Work required: Type each record below again, with the same words.

Data under study:
== Segment start ==

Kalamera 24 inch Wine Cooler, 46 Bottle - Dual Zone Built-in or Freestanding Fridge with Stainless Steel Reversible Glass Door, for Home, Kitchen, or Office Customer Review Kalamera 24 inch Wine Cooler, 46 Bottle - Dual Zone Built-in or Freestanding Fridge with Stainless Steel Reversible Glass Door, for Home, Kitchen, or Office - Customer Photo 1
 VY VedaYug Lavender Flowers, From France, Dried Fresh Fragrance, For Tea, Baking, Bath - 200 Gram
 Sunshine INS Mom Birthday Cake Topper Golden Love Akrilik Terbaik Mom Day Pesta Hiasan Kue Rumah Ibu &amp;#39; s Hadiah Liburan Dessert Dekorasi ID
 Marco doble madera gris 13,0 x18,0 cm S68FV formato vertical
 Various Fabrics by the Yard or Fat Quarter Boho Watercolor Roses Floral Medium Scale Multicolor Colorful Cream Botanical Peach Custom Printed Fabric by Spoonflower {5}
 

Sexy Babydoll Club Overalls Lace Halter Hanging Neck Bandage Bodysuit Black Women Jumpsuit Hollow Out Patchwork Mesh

== Segment end ==

The completed task:
Kalamera 24 inch Wine Cooler, 46 Bottle - Dual Zone Built-in or Freestanding Fridge with Stainless Steel Reversible Glass Door, for Home, Kitchen, or Office Customer Review Kalamera 24 inch Wine Cooler, 46 Bottle - Dual Zone Built-in or Freestanding Fridge with Stainless Steel Reversible Glass Door, for Home, Kitchen, or Office - Customer Photo 1
 VY VedaYug Lavender Flowers, From France, Dried Fresh Fragrance, For Tea, Baking, Bath - 200 Gram
 Sunshine INS Mom Birthday Cake Topper Golden Love Akrilik Terbaik Mom Day Pesta Hiasan Kue Rumah Ibu &amp;#39; s Hadiah Liburan Dessert Dekorasi ID
 Marco doble madera gris 13,0 x18,0 cm S68FV formato vertical
 Various Fabrics by the Yard or Fat Quarter Boho Watercolor Roses Floral Medium Scale Multicolor Colorful Cream Botanical Peach Custom Printed Fabric by Spoonflower {5}
 

Sexy Babydoll Club Overalls Lace Halter Hanging Neck Bandage Bodysuit Black Women Jumpsuit Hollow Out Patchwork Mesh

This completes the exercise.